Showing posts with label frusteration. Show all posts
Showing posts with label frusteration. Show all posts

Wednesday, October 20, 2010

Fucking Work

so, story is that I'm having some anger right now. Here's why: I was in my last little bit of my shift today at work, and was super excited to get off. My coworker, who is closing the store tonight decided to go for break exactly a half an hour before I left. Our breaks are half an hour long, and I figured that he'd be back on time seeing as he knew that I would be off as soon as he got back. 5:30 rolled around and no sign of him. I took a deep breath and delt with a few more customers. Ten minuites later, he rolled in the door. As he came into my department, I was taking my apron off to leave. I looked at him, and said something along the lines of "You're late. Please don't be late"
I was tired, my feet hurt, and the customers were pissing me off. He looked me straight in the face and went "I'm not late. I left at ten after. Sorry"
I could have delt with it if he had just said "shit, I lost track of the time, I'm sorry" but no, he had to lie to me. And not just that, but he lied to me in a way that made me feel like I was the bad guy here, which I tell you, makes me want to punch a wall, or something to that effect.

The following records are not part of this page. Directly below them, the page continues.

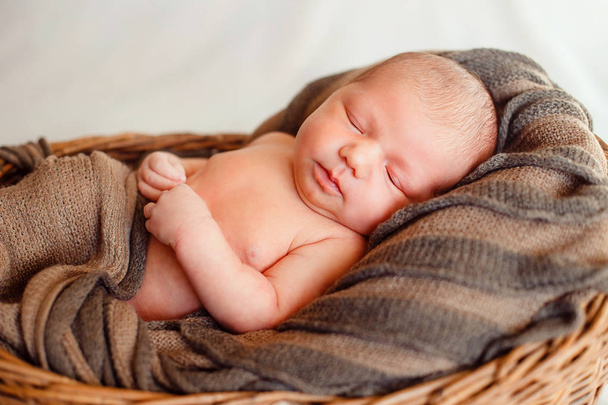 Newborn baby in a woven wooden basket in a brown plaid - Foto, immagini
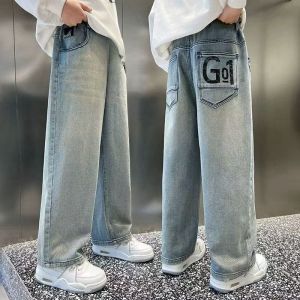 Jeans For Kids Boy 6-12yrs Letter Embroidery Pants For Kids Boy Washed Denim Straight Pants New Style Denim Pants For Kids Boy 130-160cm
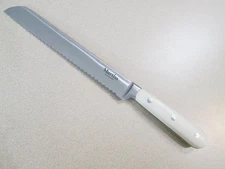 MARTHA STEWART FORGED 8" BREAD KNIFE WITH WHITE HANDLE-FREE SHIP IN USA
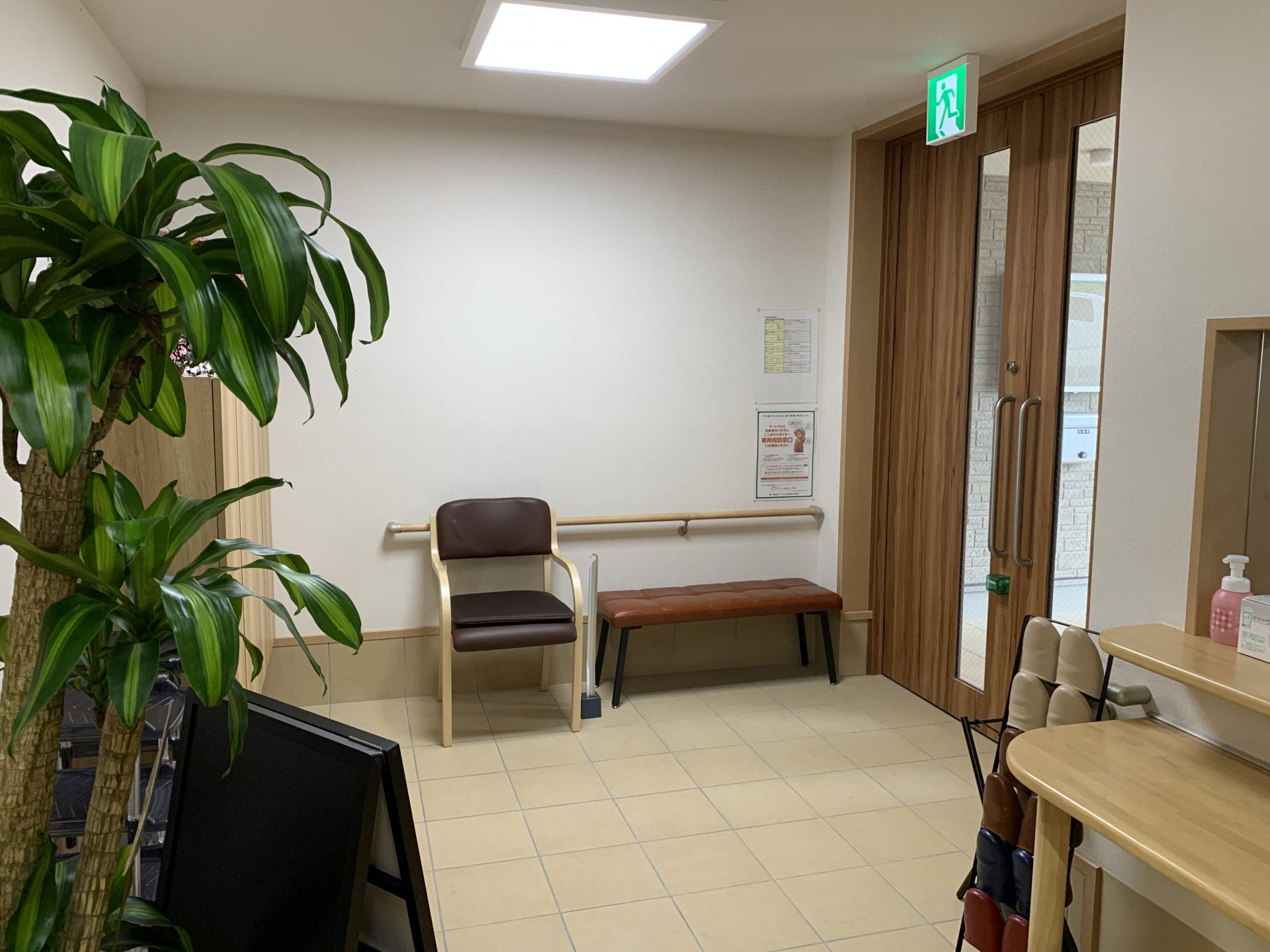 待合室の椅子と植物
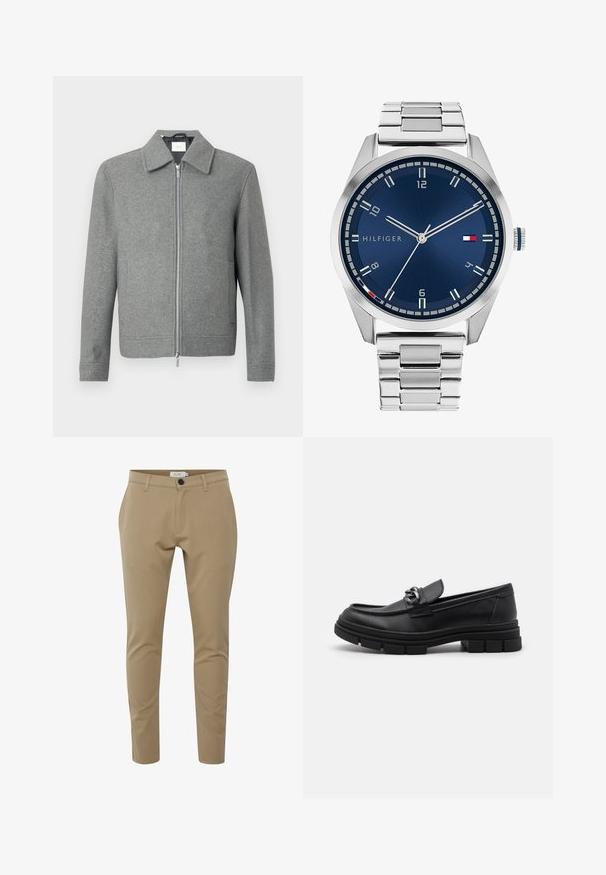 Pilkas ilgas vilnonis švarkas su sidabriniu užtrauktuku priekyje ir klasikiniais atvartais, eksponuojamas baltoje fone.; Aštuoni juodi medvilniniai marškiniai trumpomis rankovėmis ir apvali kaklo iškirpte, su paprastu dizainu ir minkšta tekstūra.; Šviesiai rudos spalvos pritaikyti kelnės su siauru siluetu, turinčios užtrauktuką, šonines kišenes ir vieną mygtuką užsegimui. Lygi audinio tekstūra.; Juodos odinės loafer'iai su apvalia priekiu, dekoratyvine juostele ir metaliniais elementais, taip pat storiu tekstūruotu padu. Lygus paviršius su subtiliu detalizavimu.; Sidabrinis metalinis laikrodis su šlifuotu mėlynu ciferblatu, baltais valandų žymekliais ir datos indikacija. Yra metalinė grandinė ir prekės ženklo logotipas.
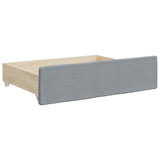 NNEVL Bed Drawers 2 pcs Light Grey Engineered Wood and Fabric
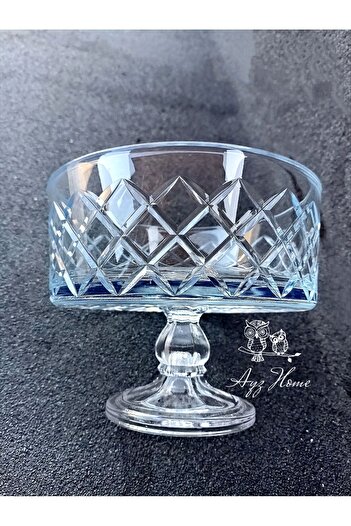 Kristal Ayz Home Footed Cut Decor Baklava Pattern Presentation Holder 19*17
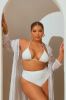 Beach Shade Stripe Cover Up Kimono - White sold by Fashion Nova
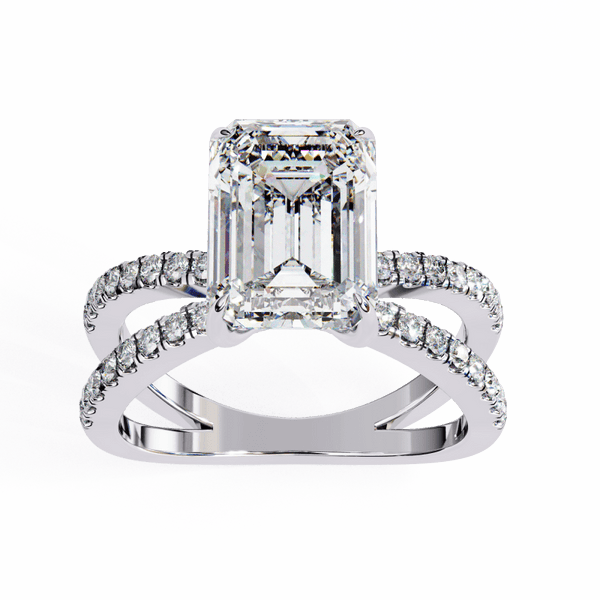 Reverra 14K Gold Emerald & Round Lab Grown Diamond Split Shank Engagement Ring for Women, CTTW-2.88 - Reverra Jewels Inc.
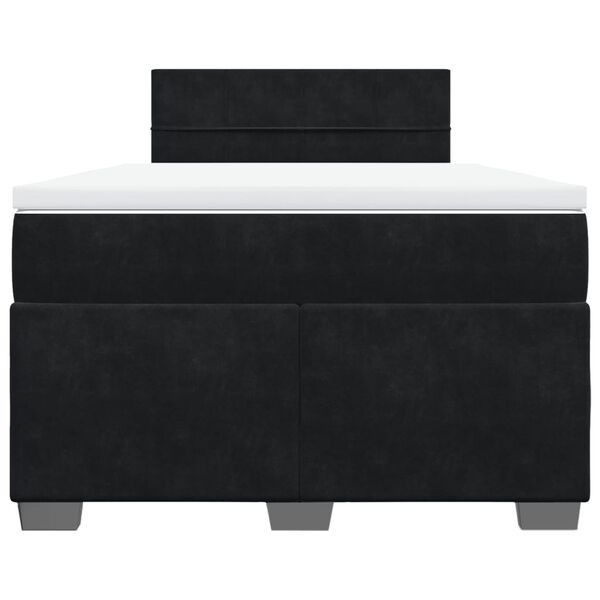 vidaXL atsperu gulta ar matraci, melns samts, 120x190 cm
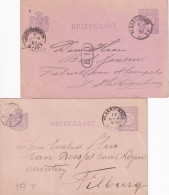 2 Briefkaarten 1891 En 1890 Vlaardingen (kleinrond) Naar Haarlem (kleinrond) Naar Tilburg 's Hertogenbosch - Poststempels/ Marcofilie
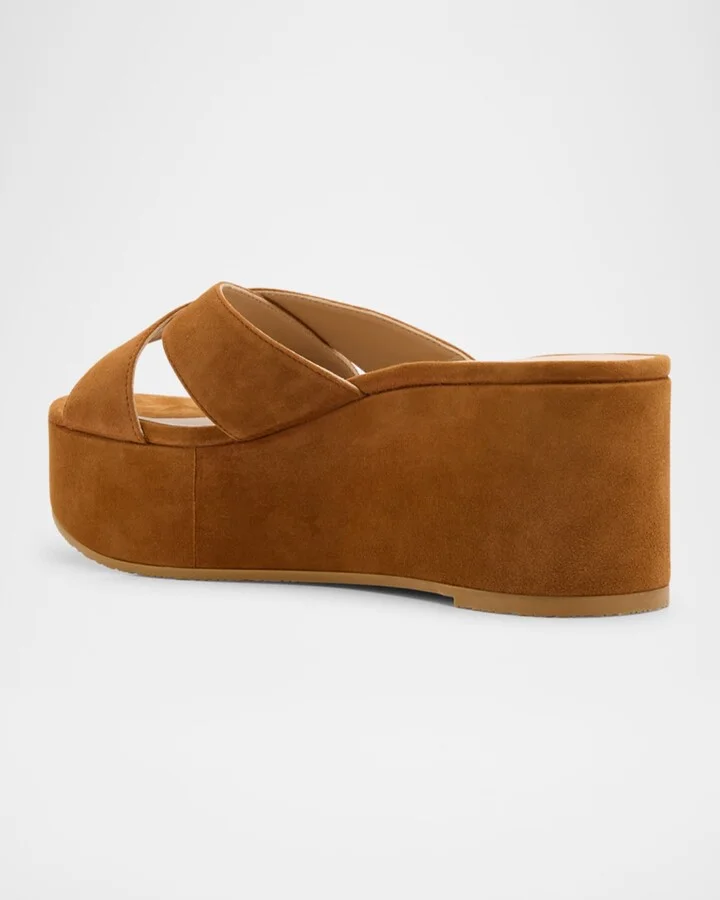 Dayna Suede Crisscross Wedge Sandals - Image 9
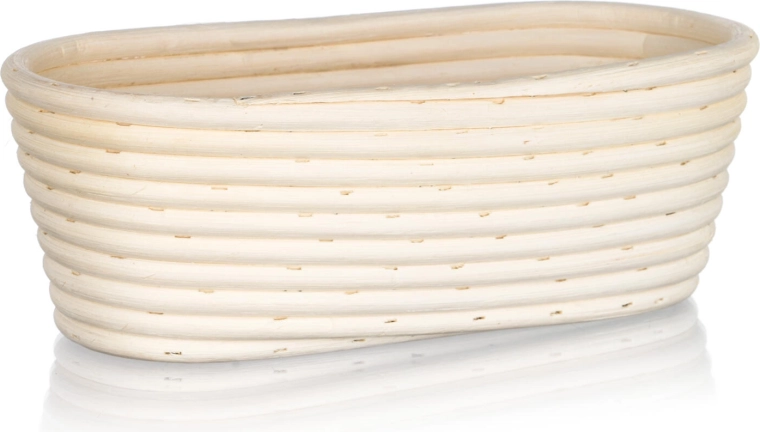 Oval proofing basket for bread 26 × 13 × 9 cm made of natural rattan with ear-of-wheat decor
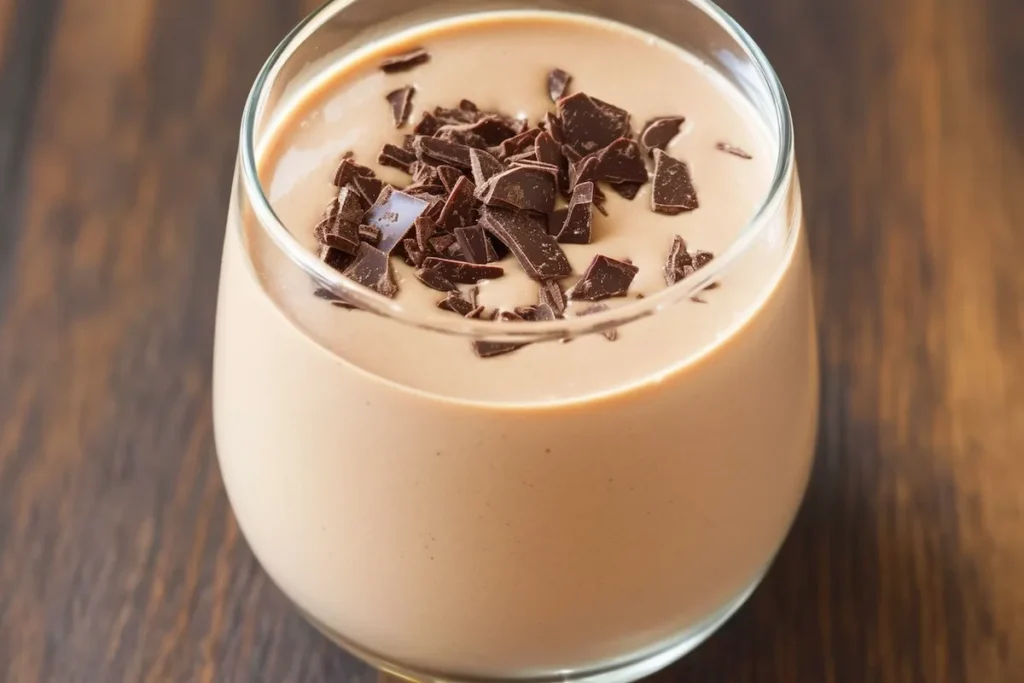 Chocolate peanut butter smoothie topped with dark chocolate shavings.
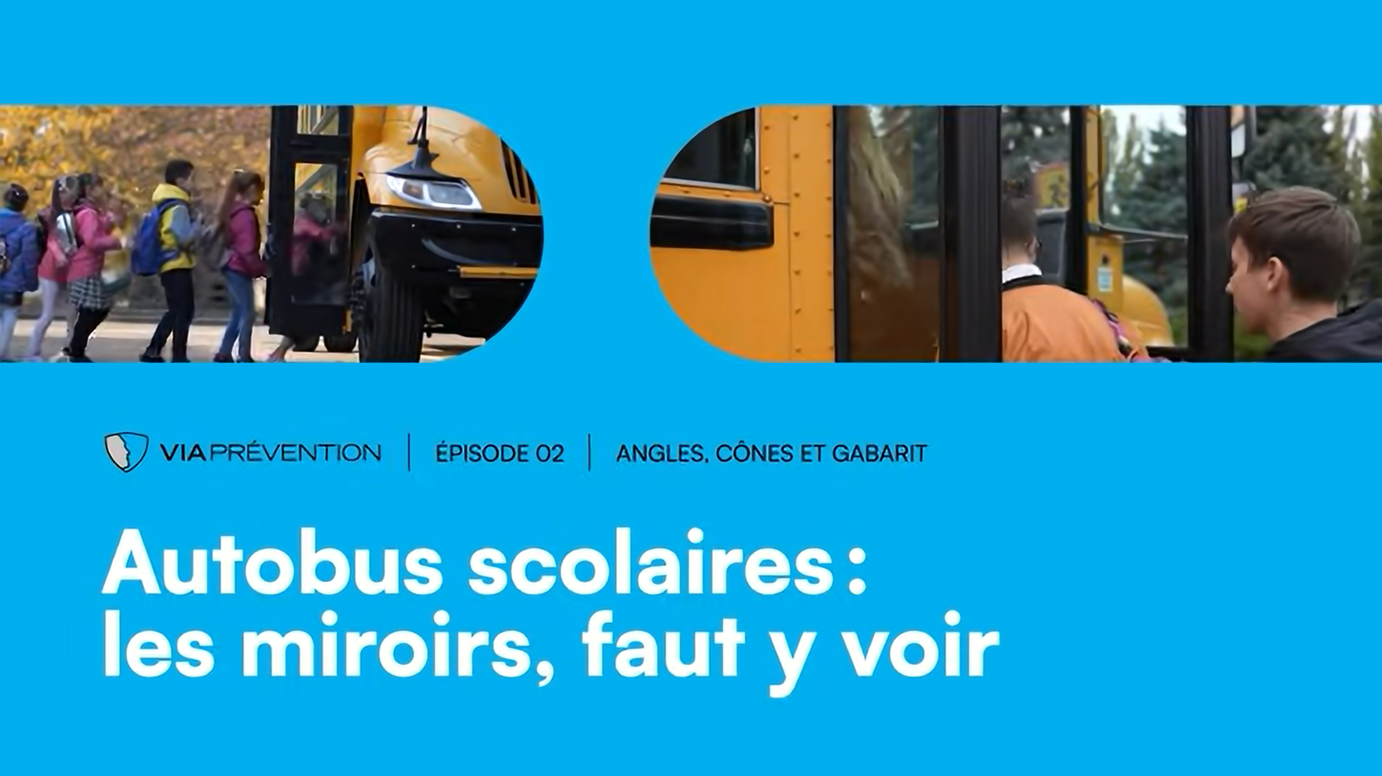 Image de Série « Autobus scolaires : les miroirs, faut y voir. » | Épisode 2 – Angles, cônes et gabarit.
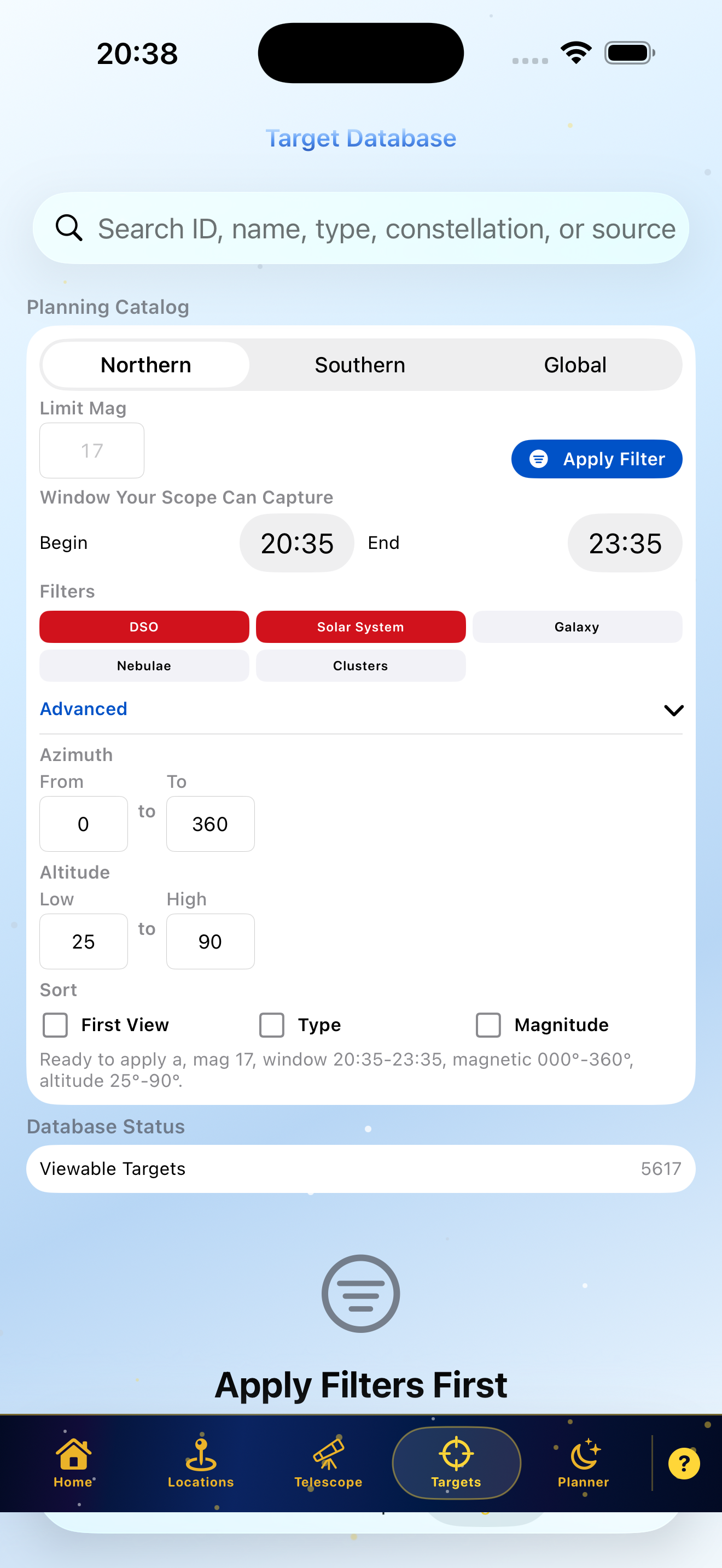 Advanced target filters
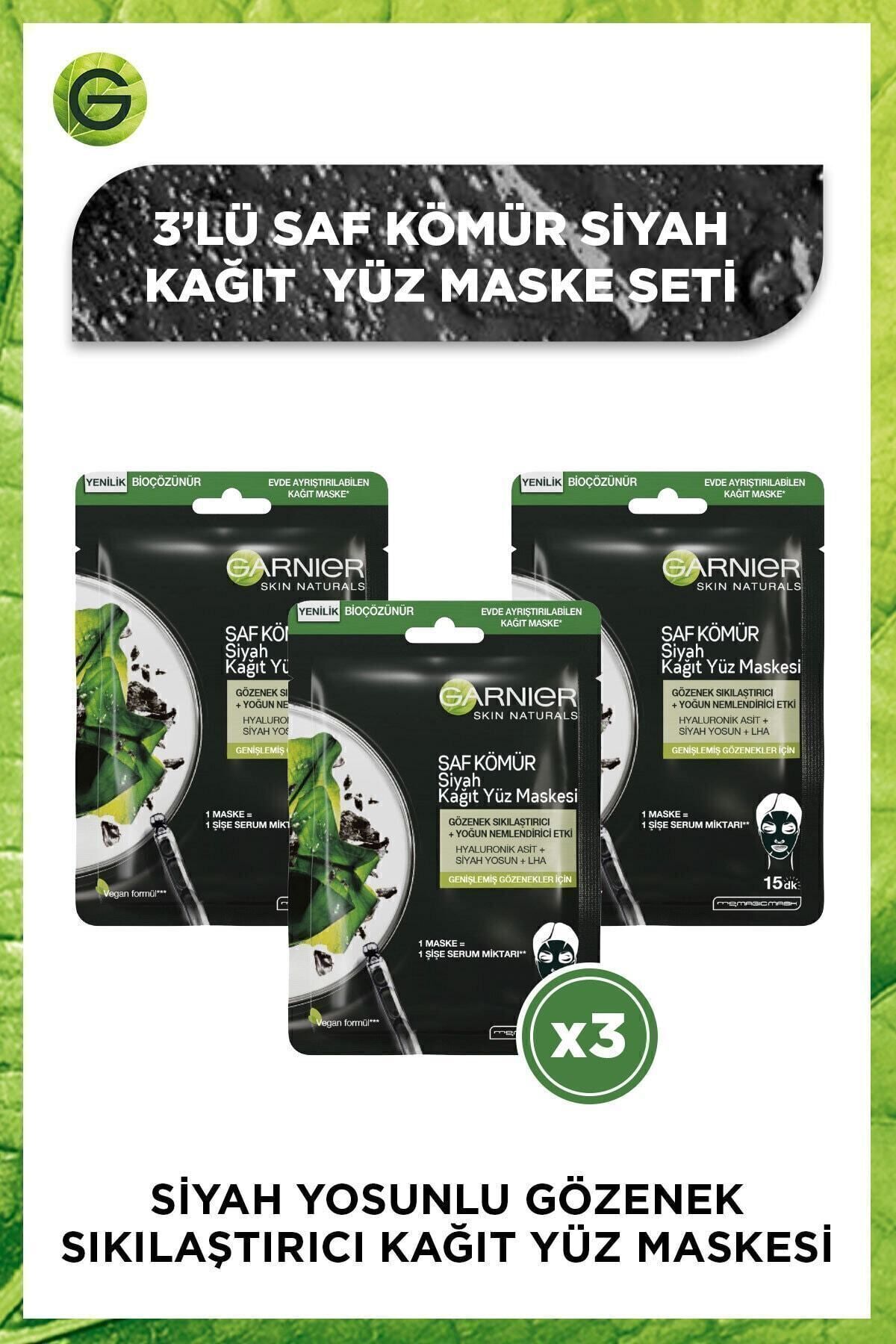 Garnier Siyah Yosunlu Gözenek Sıkılaştırıcı Kağıt Yüz Maskesi 3'lü Set 36005420971782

So here's my question: why is it that everytime I've been angery about something, some man comes along and finds a way to make me feel as though its my fault? When did this start being ok?

Monday, January 18, 2010

Lumberjack'n it

Well, well, well, today, a bright new day, full of possibility, full of potential for new adventures, joys and friendships.

I call bullshit.

I started my day at 3 am, when I woke in an unexplained blind panic, only to realize, that because of the howling winds outside, my power had gone out. My alarm clock, serving to wake me up an hour and a half from then, for the opening shift at work, plugs into the wall, leaving me alarm-clock-less. Scrambling around my room, for my christmas-stocking'd battery powered alarm clock in the dark, resulted in my stepping on two thumbtacks. Joy and happiness, right?
So, I find my other alarm clock, crawl back into bed, and pass out for that last blissful hour before I have to offically wake up for the day.
4:45 in the morning, and I'm woken for the second time by the ever increasing insistant beeping of my new red alarm clock. Time to get up for work.
I haul ass, pulling on my black pants, white button down, stuffing my tie in my bag, in a simple recognition that I am not yet awake enough to tie it properly. I creep upstairs, attempting stealth, so as to not wake my family too early. I eat something, and realize that I'm going to have to go coffee-less at least until I get to work, because the power STILL hasnt come back on.
Now, 5:30, and I'm leaving. I stumble blindly out to the car, without the usual friendly aide of our exterior lampost. In the car, I jet out, driving carefully, but with enough speed to get to work early enough for me to drink some coffee, and to fix my bloody tie. Five minutes into my drive, I realize that that was a ridiclous expectation.
Why, you ask, was it such a ridiclous hope? Well, let me tell you, that the road, because of the power-outing wind, was littered with branches, transforming into a winding carpet of green, camoflauging fallen trees.
About those trees. Hydro and Highways had come along earlier and chopped them up into 3 foot (or 1 metre.... I'm Canadian, but I prefer feet to metres, call me crazy) sections. They did not, however, think to remove those three foot sections from the road. This lack of foresight resulted in my stopping, getting out of my nice warm car, into the driving wind and rain, and lumberjacking those sections of log off of the road every few minutes.

Epic story to tell to tell over a shot or three with the pals? Yes.
Real-life, Early-morning bummer? Oh yes, most definitly.
Freaking Priceless? I'd like to think so...



Now, I'm back from work, having survived my 6:00-2:30 shift, a consultation for my very first tattoo, and my very first visit to Opt (my local sexual health clinic... getting the pill :), and am sitting in my room, with, HURRAY, finally, the power back on, 18 hours later, writing my first frusteration-born blog... all in all, a frusteratingly good day.